DIRECTIONS FOR THIS TASK —
Beneath this instruction is a block of data; output from it exactly the lines that run from the one containing "Sabonete Feliz Natal" through the one containing "Delilah Square Neck Crop Top - BonkersCorner", inclusive.

SUPPLIED RECORDS —

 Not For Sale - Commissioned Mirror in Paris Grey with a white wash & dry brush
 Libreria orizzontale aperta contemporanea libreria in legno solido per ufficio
---
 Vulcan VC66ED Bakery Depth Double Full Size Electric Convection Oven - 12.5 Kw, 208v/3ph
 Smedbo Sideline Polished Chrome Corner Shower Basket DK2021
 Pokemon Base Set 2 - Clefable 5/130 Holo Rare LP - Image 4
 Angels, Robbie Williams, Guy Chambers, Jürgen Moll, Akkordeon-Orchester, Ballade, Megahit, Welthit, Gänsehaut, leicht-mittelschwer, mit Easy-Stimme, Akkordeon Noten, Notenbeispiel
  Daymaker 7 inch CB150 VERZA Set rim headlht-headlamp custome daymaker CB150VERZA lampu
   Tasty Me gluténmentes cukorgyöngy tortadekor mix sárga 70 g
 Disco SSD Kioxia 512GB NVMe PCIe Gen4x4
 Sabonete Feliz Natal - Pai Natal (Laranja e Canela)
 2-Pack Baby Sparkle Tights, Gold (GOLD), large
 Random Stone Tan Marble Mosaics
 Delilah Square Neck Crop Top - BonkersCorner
* * *
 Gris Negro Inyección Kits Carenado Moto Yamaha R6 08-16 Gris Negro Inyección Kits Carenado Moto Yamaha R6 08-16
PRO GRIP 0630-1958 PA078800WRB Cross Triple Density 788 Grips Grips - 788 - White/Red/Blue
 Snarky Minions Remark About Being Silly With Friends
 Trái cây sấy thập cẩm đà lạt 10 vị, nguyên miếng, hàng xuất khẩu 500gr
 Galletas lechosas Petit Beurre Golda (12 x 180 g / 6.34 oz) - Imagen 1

THE COMPLETED TASK —
 Sabonete Feliz Natal - Pai Natal (Laranja e Canela)
 2-Pack Baby Sparkle Tights, Gold (GOLD), large
 Random Stone Tan Marble Mosaics
 Delilah Square Neck Crop Top - BonkersCorner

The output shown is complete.